No, but it's true some people have very pleasant voices. But the way it works for me it's something I can appreciate about a person but it doesn't condition if I'm attracted to them or not. Anyone I like I will find something to like about them.

> Also you seemed to be avoiding using gendered terminology, does gender not play much of a roll in attraction for you or am I just making a false connection?

Yes, you are correct. My attraction is not strongly gendered. Anyone whom I feel strongly attached to by close friendship is someone I could be drawn into physical intimacy with, though of course this doesn't always materialise due to lack of mutual interest.
Epoch6 2 points 5y ago
Huh, cool.

Thanks for the answer that was interesting.

I'm 89% sure you won't know the answer to this because frankly I don't know the answer to it for myself but do you remember when you first learned that guys and girls had different dangly bits/ what your thought process was?

For some reason I can't get the thought that blind people, for the most part, learn about genitals later in life than people with sight so would have a very different thought process in regards to it.

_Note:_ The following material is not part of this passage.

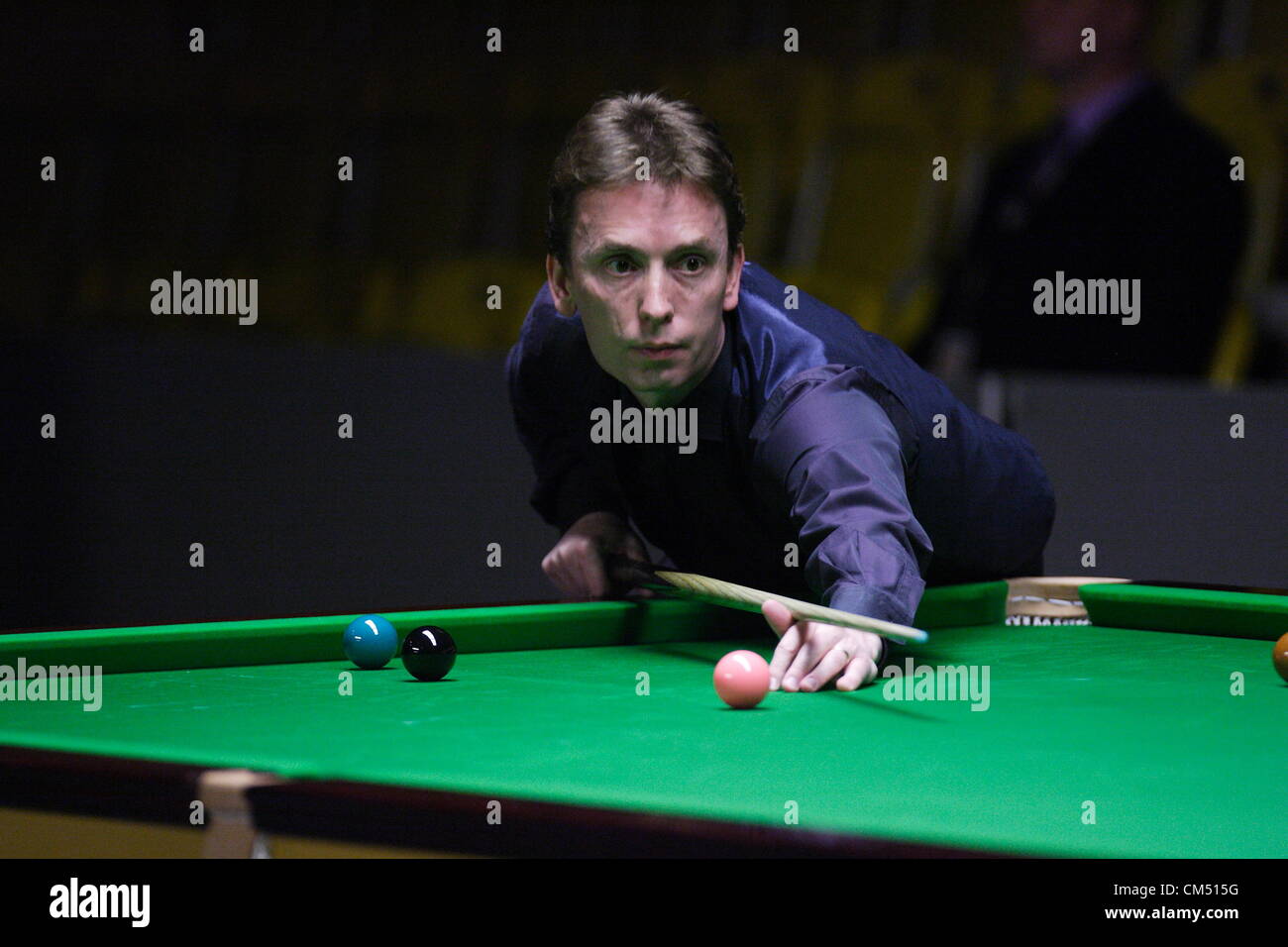 Gdynia, Polen 5. Oktober 2012 Snooker Spieler Tour Championship Gdynia Open 2012 einen Teil der European Tour Snooker. Ken Doherty schlägt den Ball während des Spiels gegen Rory McLeod Stockfoto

Sorry if the wording came off as rude, I just can't find better wording at the moment but I really want an answer because this is really interesting to me.
fastfinge 4 points 5y ago
There was a study posted here answering this exact question a couple years ago. However, I can't find it for the life of me. Speaking from vague memories of something I read two years ago, the conclusions were that blind people of both genders become sexually active several years later than sighted peers, largely because sex education for blind students is inaccessible and inadequate. The pictures in the textbook do nothing for us, and in most places in North America, sex education for sighted students is pretty dire as it is. Nobody is bothering to provide us with raised models of the opposite gender, or describe the pictures in detail. That would fit pretty well with my own experiences (though I did attend a Catholic school, so YMMV). I've spent 15 minutes trying to find that darn paper, with no luck! Hopefully someone else can come up with it.
modulus 1 points 5y ago
Learned that they have different bits? Fuck if I know. I must have been really tiny. Actually found out what the other gender's bits were like? That was when I was around 4 or 5. I was curious about the equipment girls had and convinced a (sighted) cousin do exchange information so to speak.
boatypoops 1 points 5y ago
Thanks for your reply! How about clothing choices, and general "style" ?
modulus 2 points 5y ago
No, I can't honestly say I care about those. There are some things that may be bothersome because they're directly annoying to the senses: tons of makeup, too much scent of whatever kind... But in terms of style as such, I don't have a response to that.
boatypoops 1 points 5y ago
Thanks for sharing your experience and giving some feedback! I personally cannot stand most overt chemical odors. So much so that people think I am trying to be "special" by being so sensitive. Very frustrating. I think in general people are very numbed out to their senses, oddly and unfortunately. The strange affects of sensory overload, perhaps.